Fossil fuels and renewable sources are not mutually exclusive as energy sources - in fact they can go hand in hand, according to CRC for Coal in Sustainable Development (CCSD) chief executive, Frank van Schagen.
"Australia has sunlight, and it has coal and gas - in vast amounts. We can combine them to create ideal energy solutions in ways simply unavailable to most other countries on earth,” he says.
"Solar thermal is proving to be reliable technology. With increasing adoption, it will become more competitive with fossil fuels and this report is a wake-up call to Australia not to neglect the opportunity to combine two of our greatest resources
"The smartest way we can take advantage of it is by hybridising CST with our vast resources of fossil energy, to ensure our power supply is clean, reliable and cost-effective."
CCSD has an on-going technology assessment program that examines all options that offer opportunities for large scale reductions in greenhouse gas emissions.
Among the most promising uses for solar thermal power is to provide supplementary steam energy to bolster the efficiency of Australia’s 39 coal-fired power plants and cut greenhouse emissions, says the study's lead author, Dr Louis Wibberley.
It can also provide the low-grade energy needed to filter CO2 out of the exhaust gases of existing coal and gas-fired power stations for long-term storage.
Sunlight can also be used to re-form natural gas and coal seam methane, to produce clean energy, industrial chemicals and badly-needed transport fuels.
But despite early research progress in developing efficient solar thermal technology, Australia has neglected it as an option in the past decade.
The global situation has now changed dramatically with solar thermal forecast to become cost-competitive with fossil fuels by the time 5000 megawatts of new solar power are installed in India, Egypt, Morocco and Mexico by 2013, according to CSIRO.
"Australia is one of the world's three top solar regions, with two thirds of the continent receiving over 18 MJ of sunlight per square metre," Wibberley says.
"What makes solar thermal particularly attractive is the fact that it integrates very well with existing technologies including coal, gas, biomass, photovoltaics and wind power.
"It is suitable for base and peak-load grid power, and for distributed or stand-alone generation. In contrast to photovoltaic and wind electricity, the energy from solar thermal can be stored far more cheaply in the form of heat, and so provide more continuous power."
A major solar-coal trial is taking place at Liddell power station in NSW by Solar Heat and Power for extra steam production. This is now being expanded to produce 6,000 MWh per year (saving around 6000 tonnes of CO2 annually).
CSIRO's National Solar Research Facility in Newcastle under Dr Wes Stein is exploring the use of CST to reform methane from natural or coalbed gas to make synthesis gas (CO + CO2 + H2) for power generation (Solar-Gas), industrial chemical or transport fuel production, or for generating hydrogen for power production. This has the added bonus of taking off the CO2 in a pure stream for long-term sequestration.
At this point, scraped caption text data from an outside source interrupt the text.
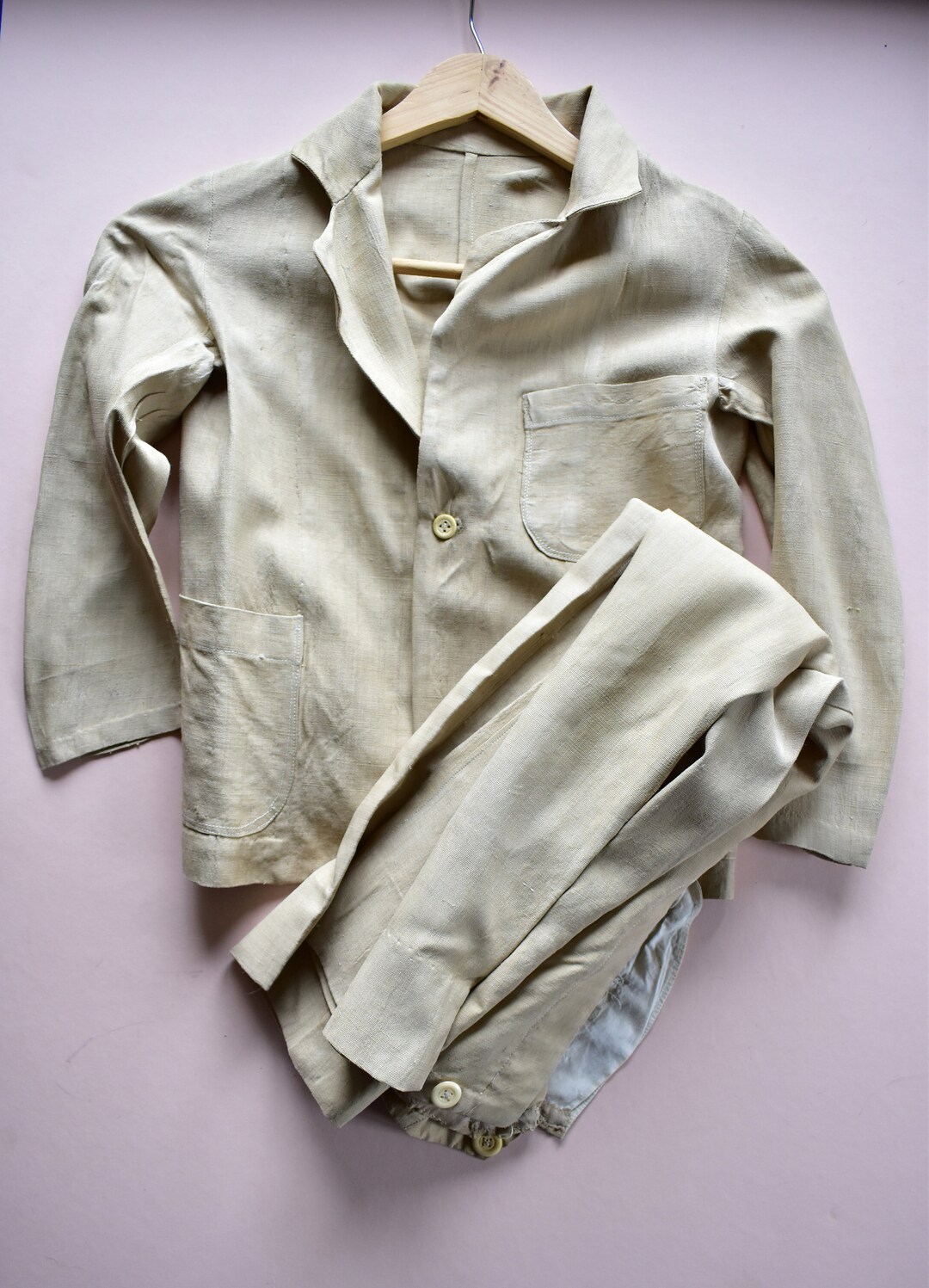 ANTIQUE Edwardian Boy's Suit Beige Linen Pageboy Button Etsy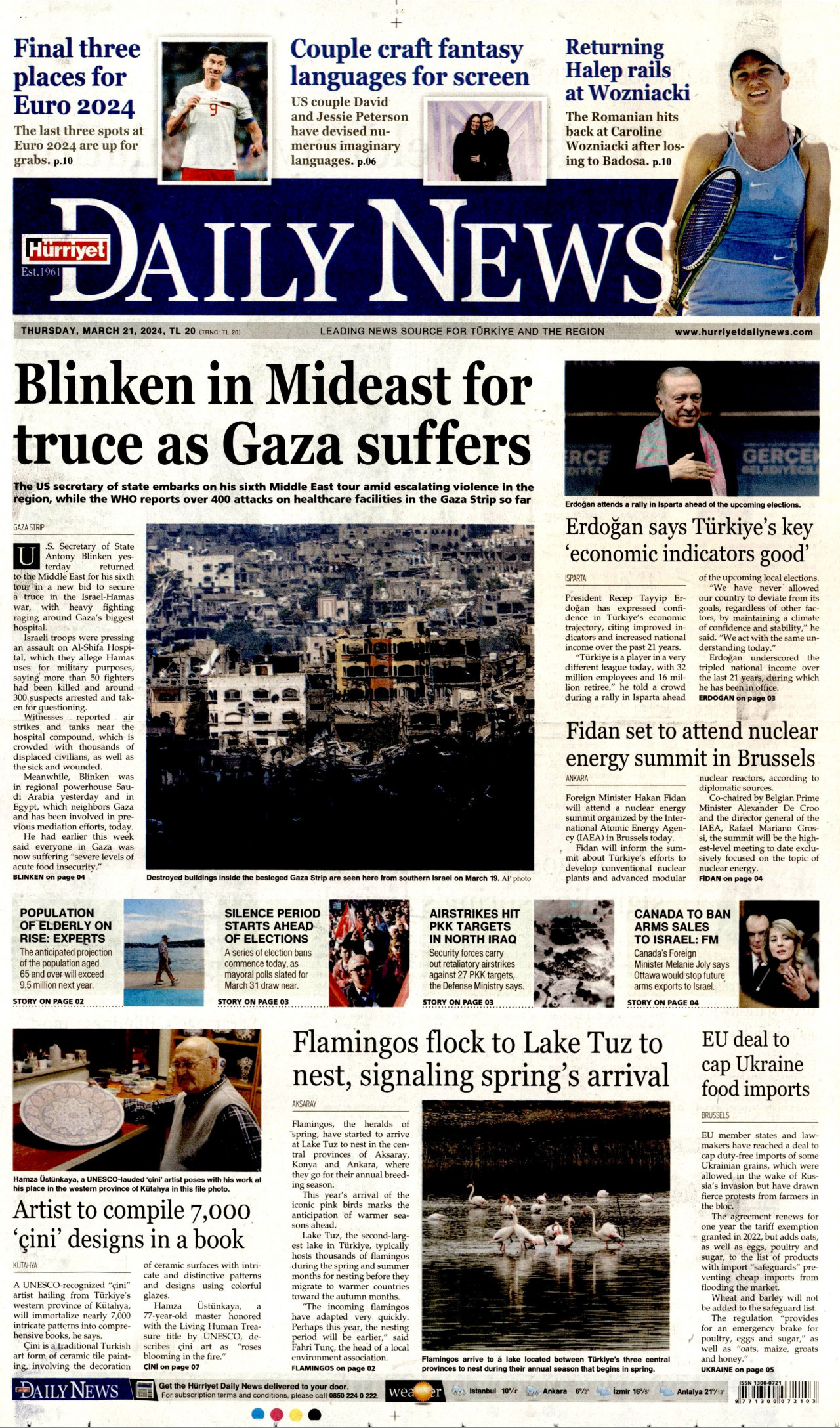 HÜRRİYET DAİLY NEWS gazetesinin 21 Mart 2024 tarihli birinci sayfası
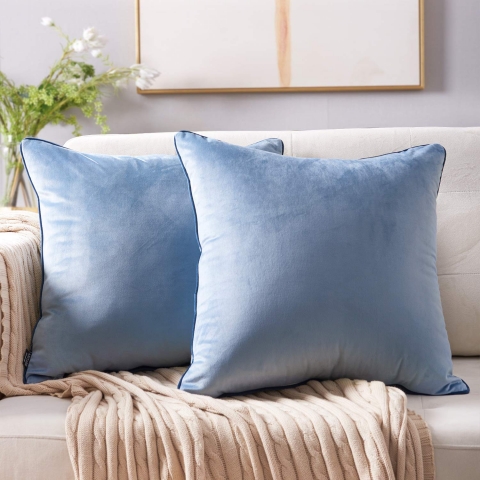 JURANJO Dekoratif 45x45cm A��k Mavi Kadife Yast�k K�l�f� (2 Adet)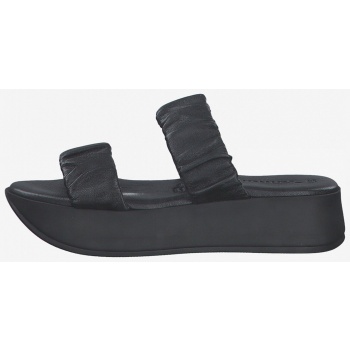 black leather slippers on the tamaris σε προσφορά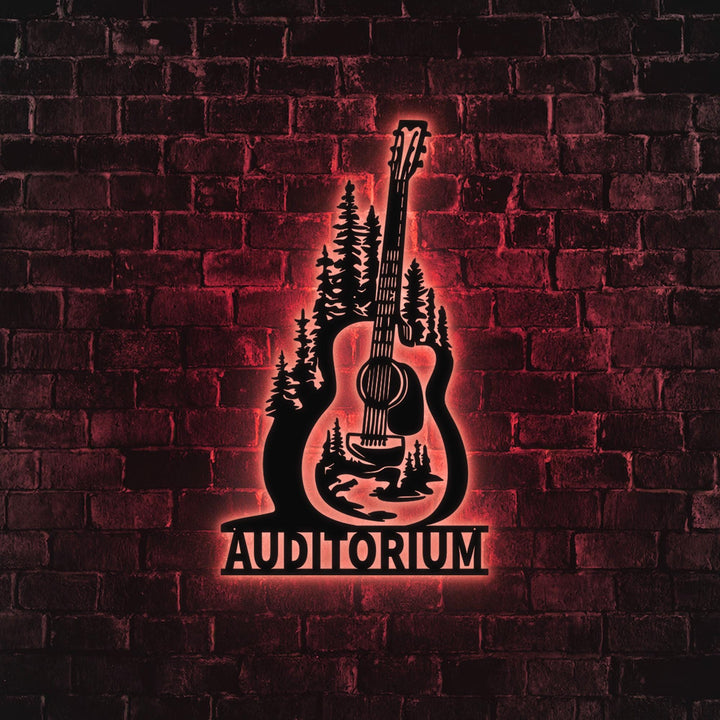 Custom Acoustic Guitar Metal Sign Wall Art with Led Lights, Personalized Player Name Sign, Musical Instrument Gift, Music Room Decor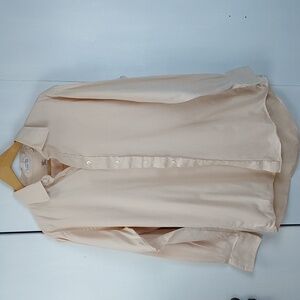 Burberrys Mens Beige Dress Shirt Neutral Button Down Shirt Sz.16 1/2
"Solar thermal can also provide a valuable source of low-grade heat to drive the post-combustion capture of CO2 from existing power stations - which is an additional opportunity for the technology," Wibberley says.
Of the various concentrated solar thermal (CST) technologies, parabolic troughs are under the most active development worldwide and appear to offer the best economics which a carbon price would make more favourable still.